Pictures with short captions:
━━━━━━━━━━━━━━━━━━━━
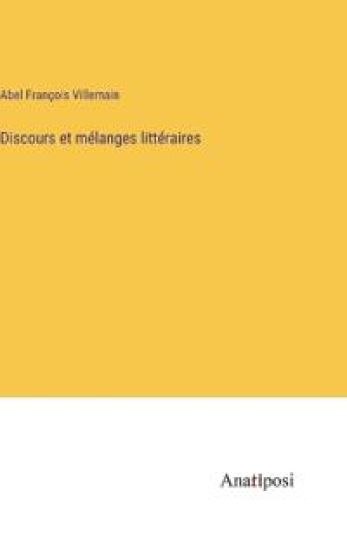Discours et mélanges littéraires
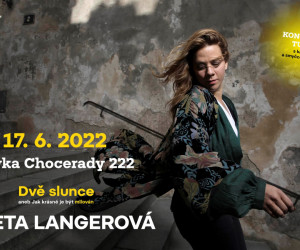 LÁVKA OPEN AIR CHOCERADY, Aneta Langerová, DVĚ SLUNCE, koncert 17.6.2022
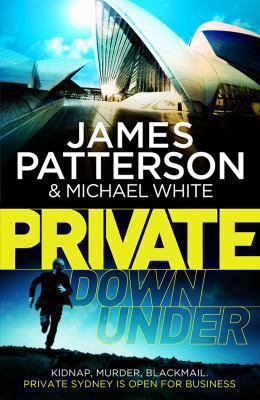 Private Down Under: (Private 6) (Private Series) 009959093X Book Cover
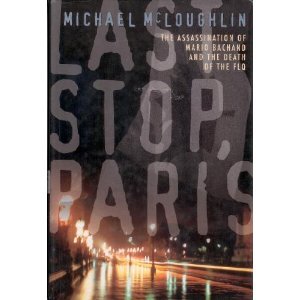 Last stop, Paris: The assassination of Mario Bachand and the death of the FLQ (Hardcover)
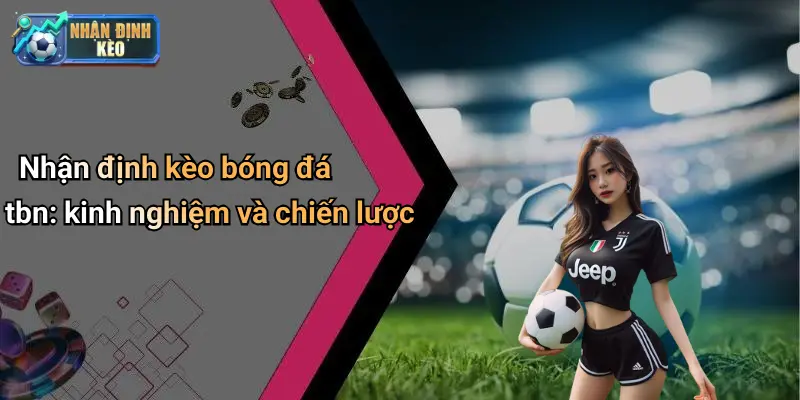 Nhận định kèo bóng đá tbn: kinh nghiệm và chiến lược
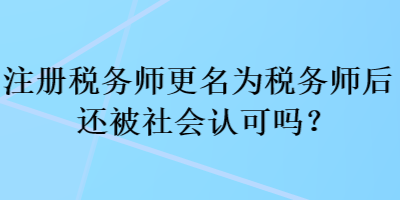 注冊稅務師更名為稅務師后還被社會認可嗎？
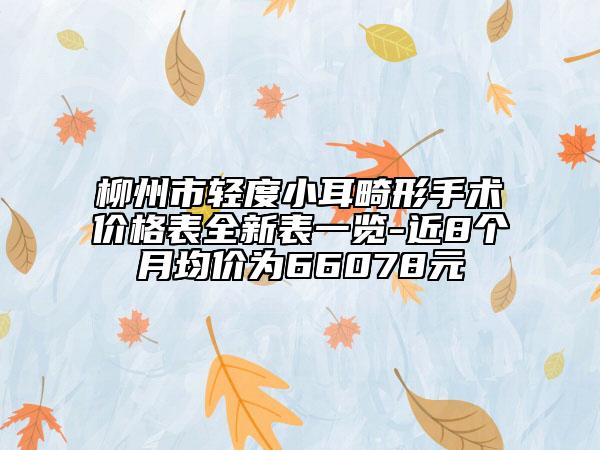 柳州市轻度小耳畸形手术价格表全新表一览-近8个月均价为66078元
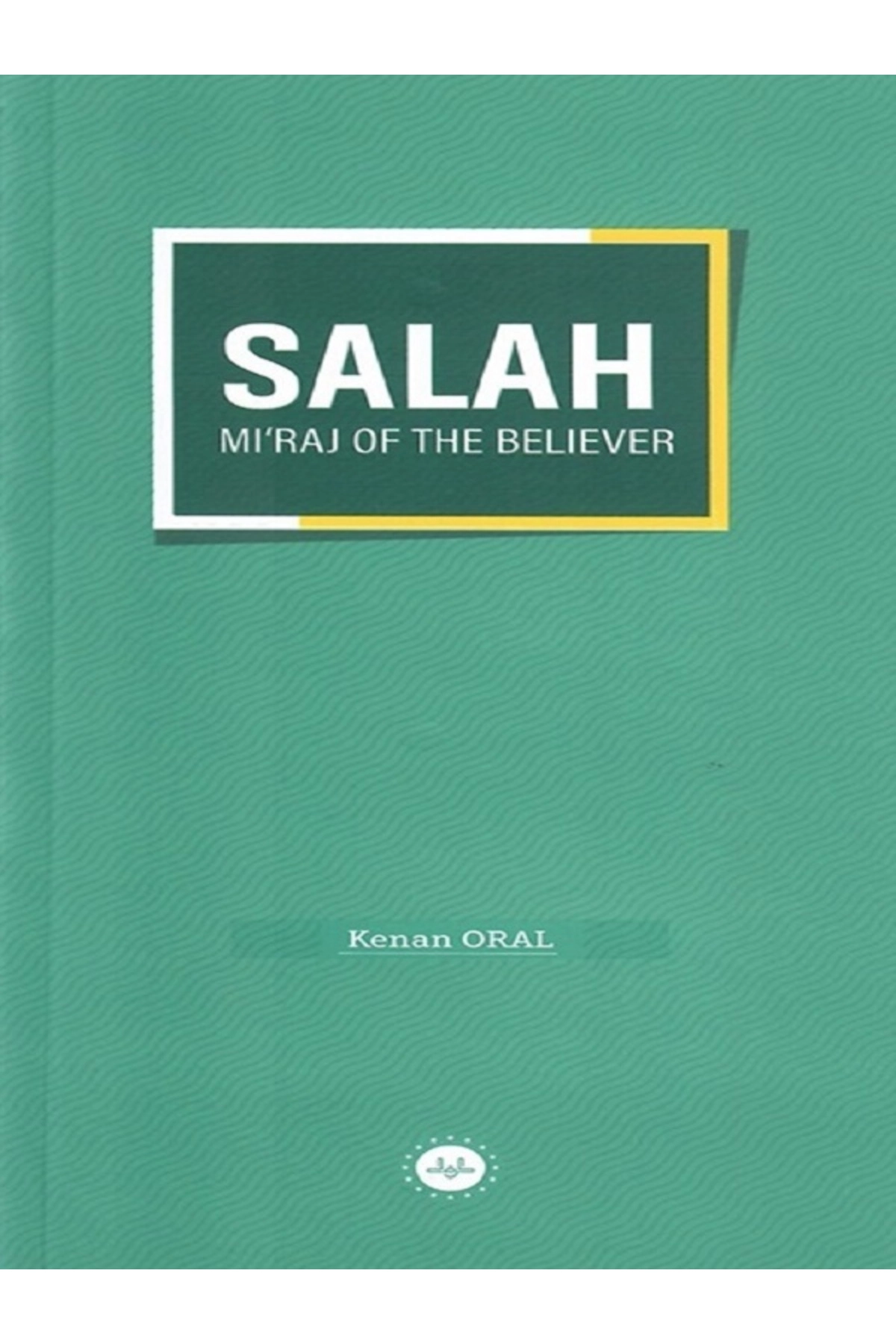 Salah Miraj Of The Believer Müminin Miracı Namaz İngilizce Kenan Oral - Diyanet İşleri Başkanlığı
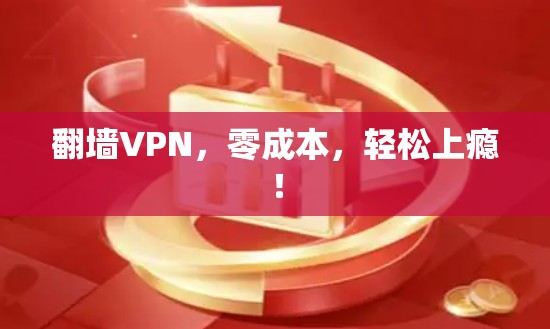 翻墙VPN，零成本，轻松上瘾！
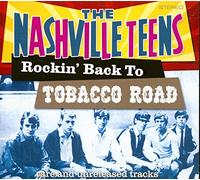 Nashville Teens - Rockin' Back To Tobacco Road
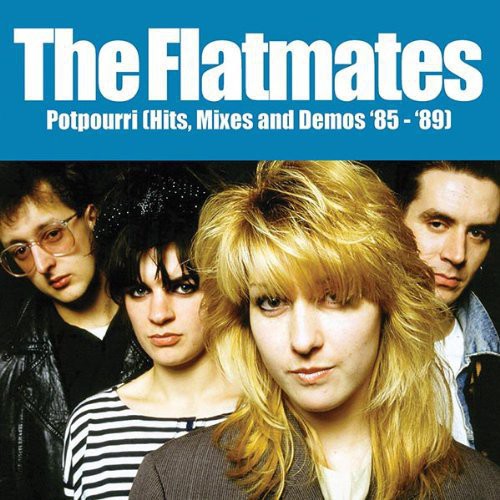 Flatmates: Potpourri: Hits Mixes & Demos 85-89 { Record }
━━━━━━━━━━━━━━━━━━━━
What is required: Repeat the lines exactly, starting with the line that contains "Salah Miraj Of" and ending with the last line of the entries. Keep both of those lines but no pictures.

Exercise result:
 Salah Miraj Of The Believer Müminin Miracı Namaz İngilizce Kenan Oral - Diyanet İşleri Başkanlığı
 翻墙VPN，零成本，轻松上瘾！
 Nashville Teens - Rockin' Back To Tobacco Road
 Flatmates: Potpourri: Hits Mixes & Demos 85-89 { Record }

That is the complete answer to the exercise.